Problem requirements:
Could you give the entries back exactly as they stand, minus any pictures?

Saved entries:
----------------------------------------

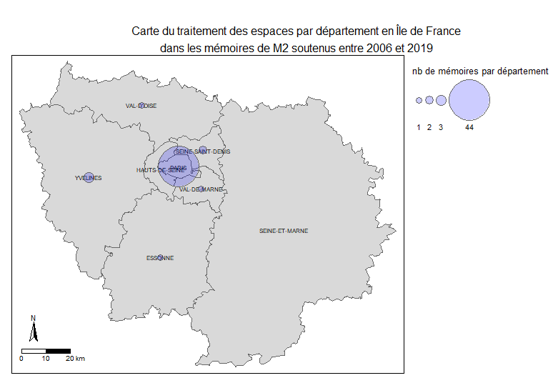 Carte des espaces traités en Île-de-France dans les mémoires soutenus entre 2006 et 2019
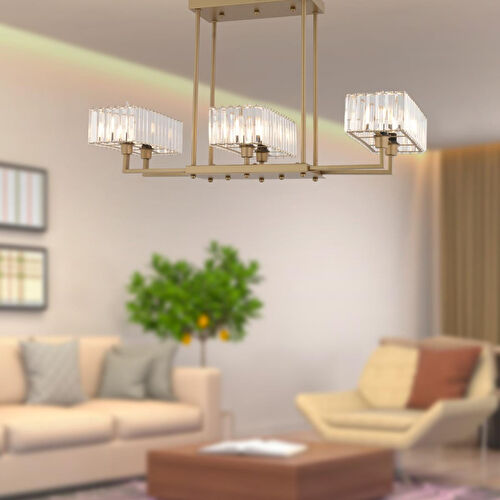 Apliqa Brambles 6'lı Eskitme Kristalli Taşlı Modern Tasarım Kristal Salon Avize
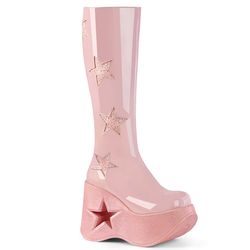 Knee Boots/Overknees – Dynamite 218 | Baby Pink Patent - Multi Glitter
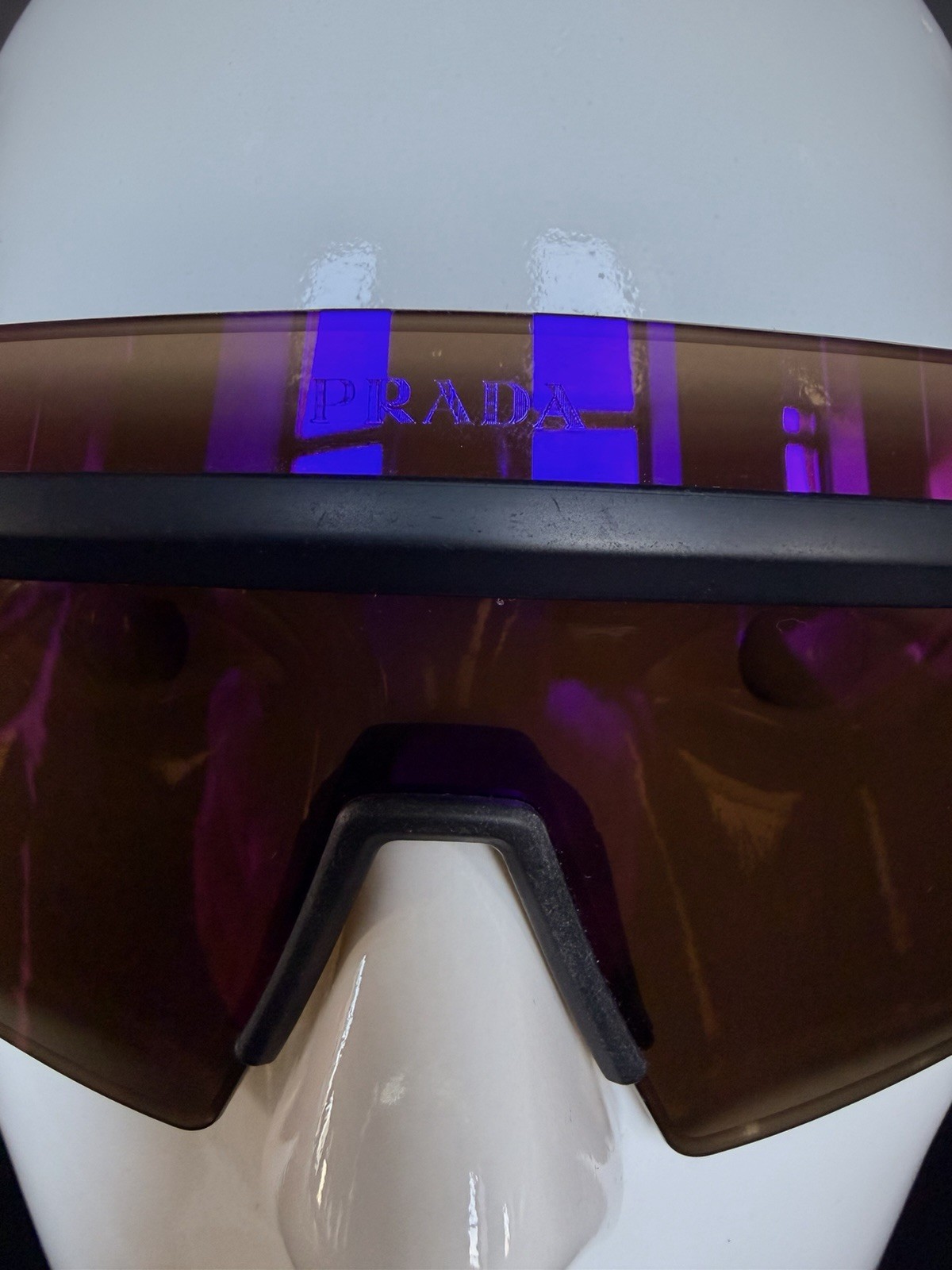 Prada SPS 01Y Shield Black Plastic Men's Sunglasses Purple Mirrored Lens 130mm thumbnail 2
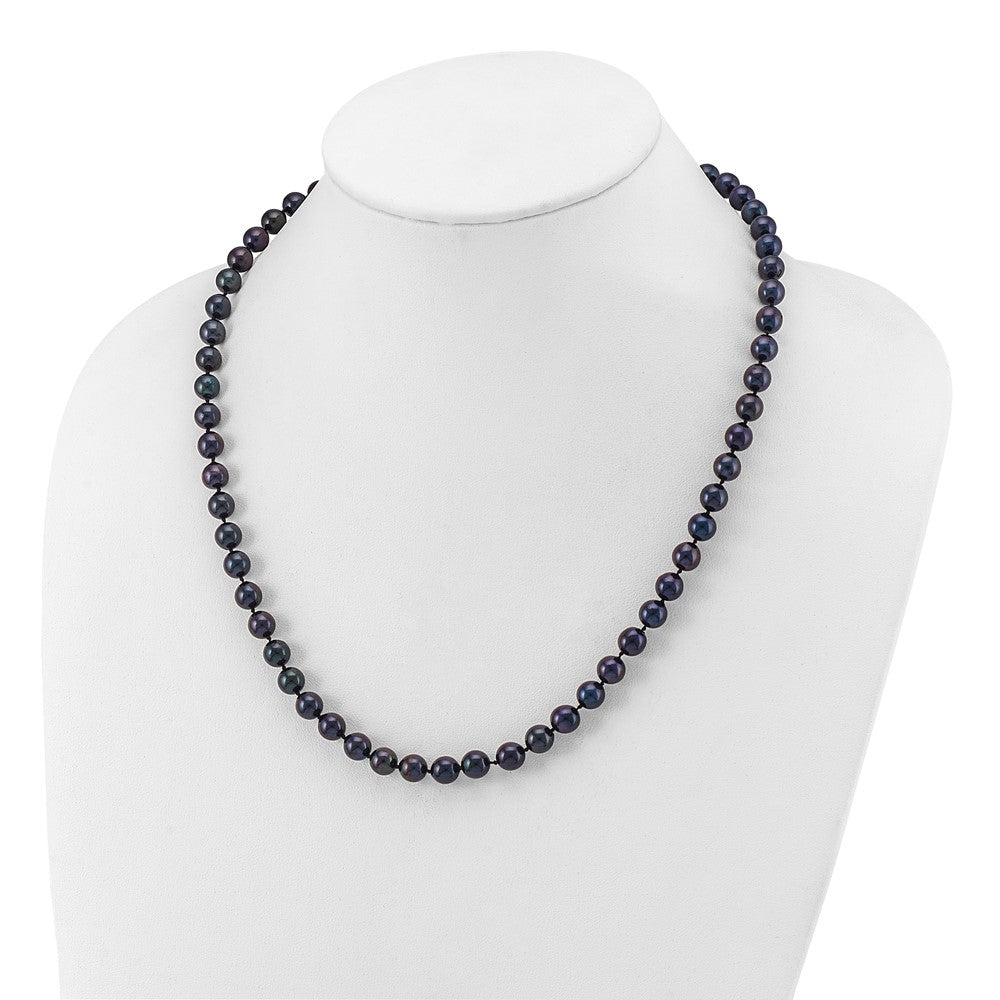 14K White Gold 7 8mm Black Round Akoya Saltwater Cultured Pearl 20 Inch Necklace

----------------------------------------

Answer below:
 Carte des espaces traités en Île-de-France dans les mémoires soutenus entre 2006 et 2019
 Apliqa Brambles 6'lı Eskitme Kristalli Taşlı Modern Tasarım Kristal Salon Avize
 Knee Boots/Overknees – Dynamite 218 | Baby Pink Patent - Multi Glitter
 Prada SPS 01Y Shield Black Plastic Men's Sunglasses Purple Mirrored Lens 130mm thumbnail 2
 14K White Gold 7 8mm Black Round Akoya Saltwater Cultured Pearl 20 Inch Necklace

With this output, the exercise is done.